#### [What to work on]
An exact copy of the data is required. No picture may appear in it.

#### [Provided material]
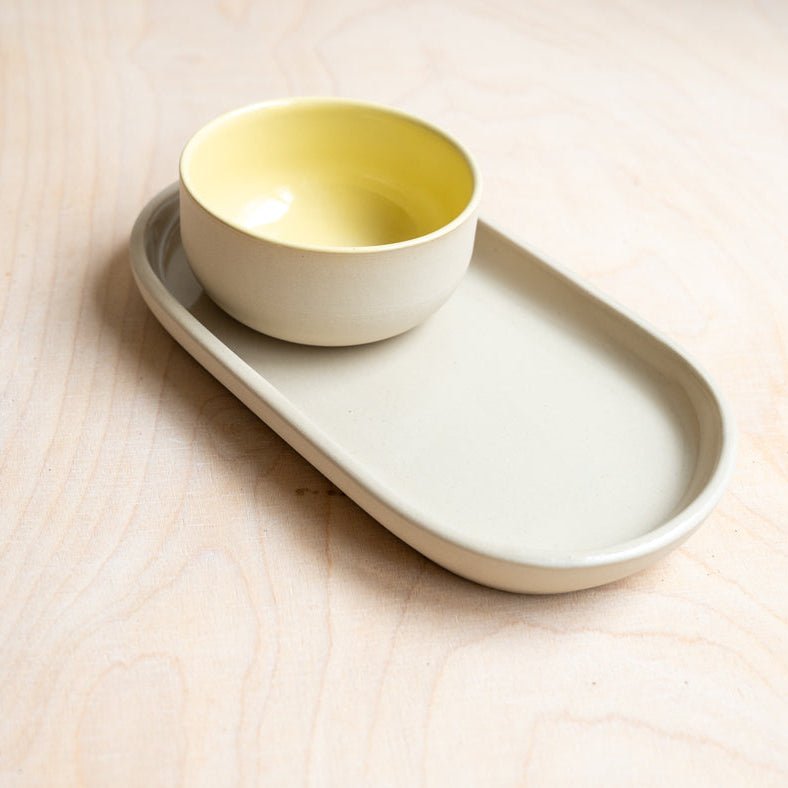 KUMO Flat White yellow | handgemachte Keramiktasse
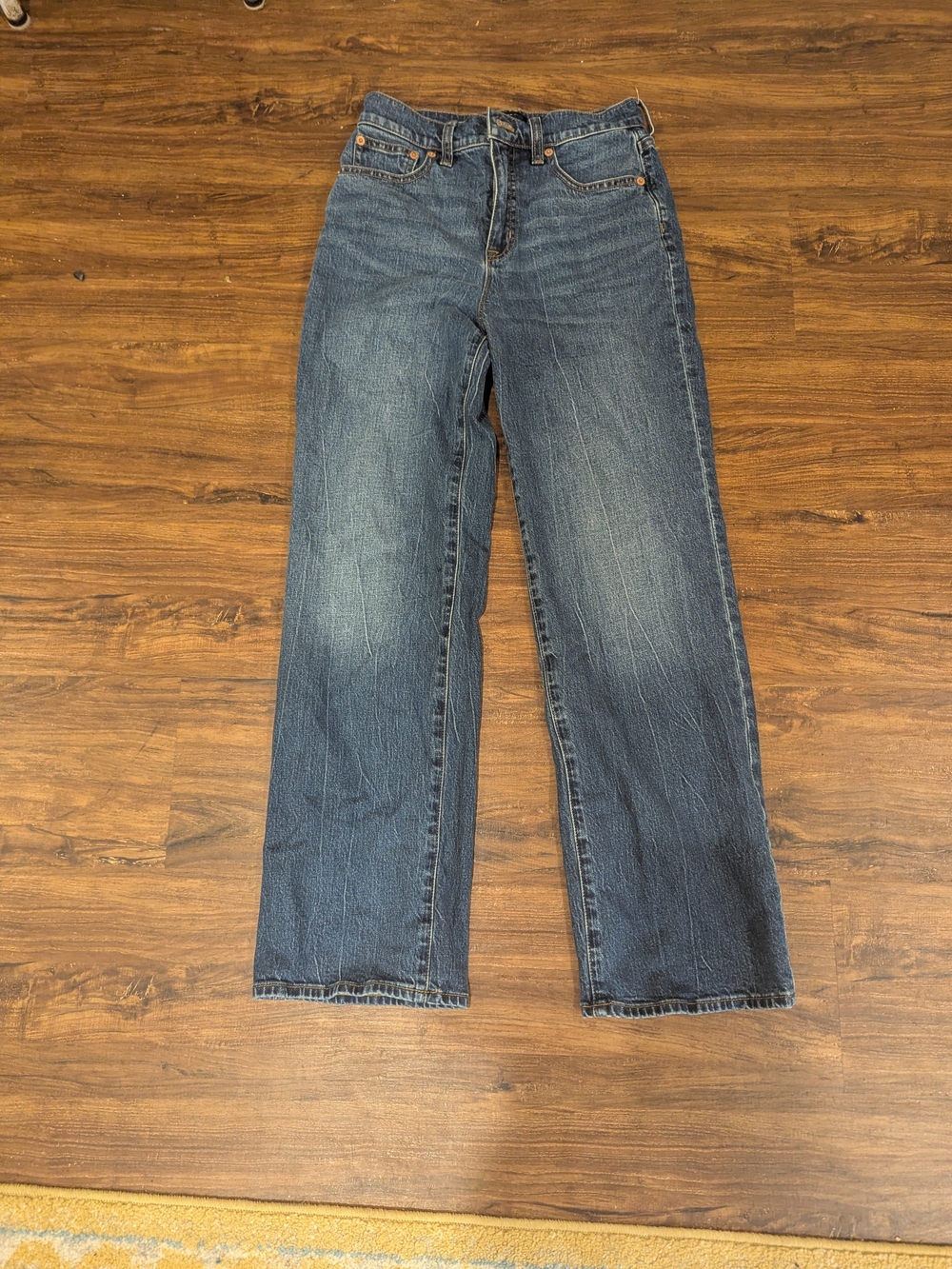 J. Crew Wide-Leg Jeans in Medium Blue Wash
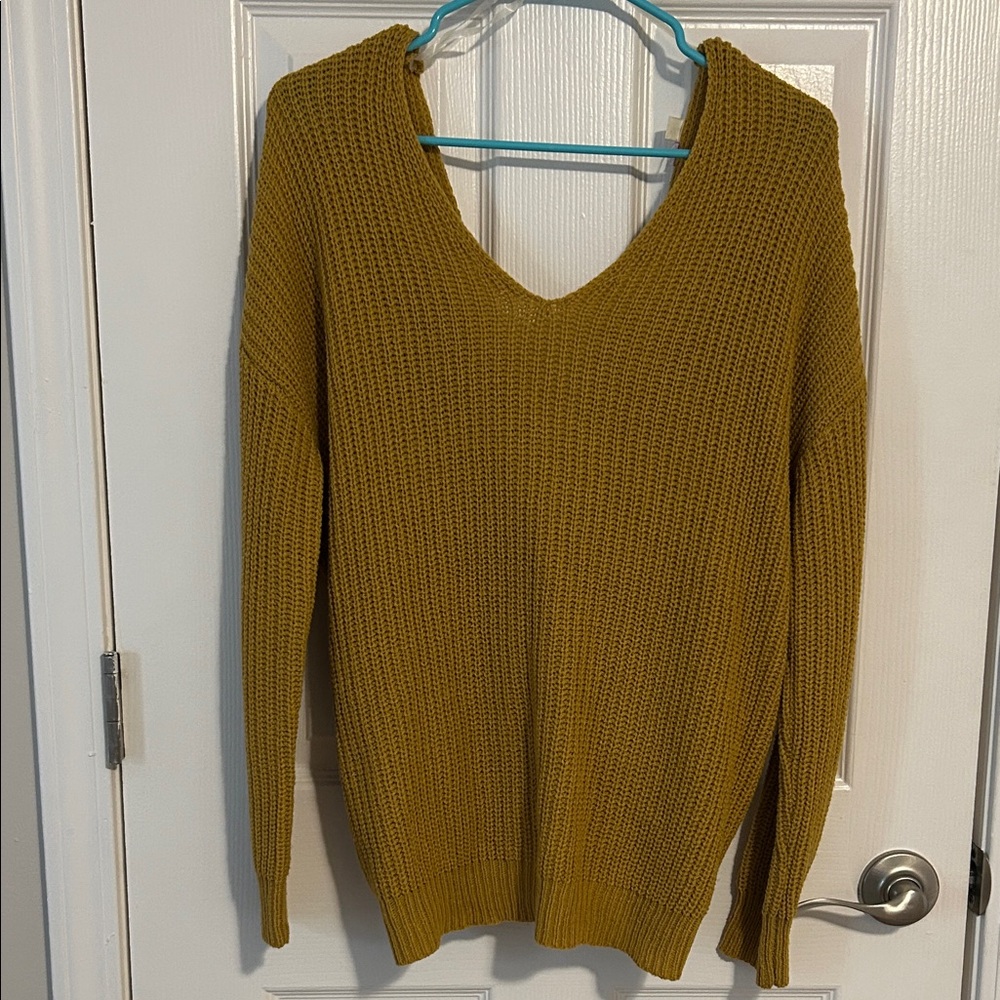 Francescas Mustard Yellow Women's Sweater
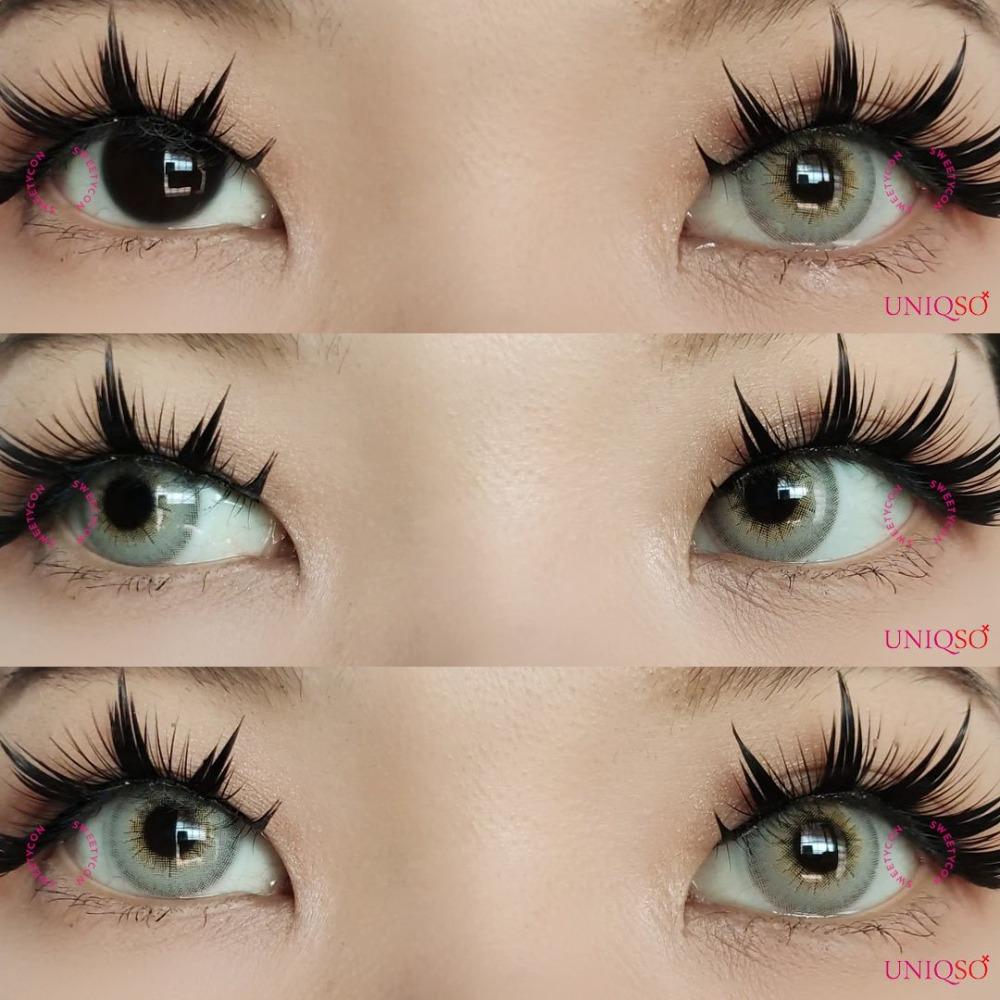 Sweety Signature Grey (1 lens/pack)-Colored Contacts-UNIQSO UK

#### [Exercise solution]
 KUMO Flat White yellow | handgemachte Keramiktasse
 J. Crew Wide-Leg Jeans in Medium Blue Wash
 Francescas Mustard Yellow Women's Sweater
 Sweety Signature Grey (1 lens/pack)-Colored Contacts-UNIQSO UK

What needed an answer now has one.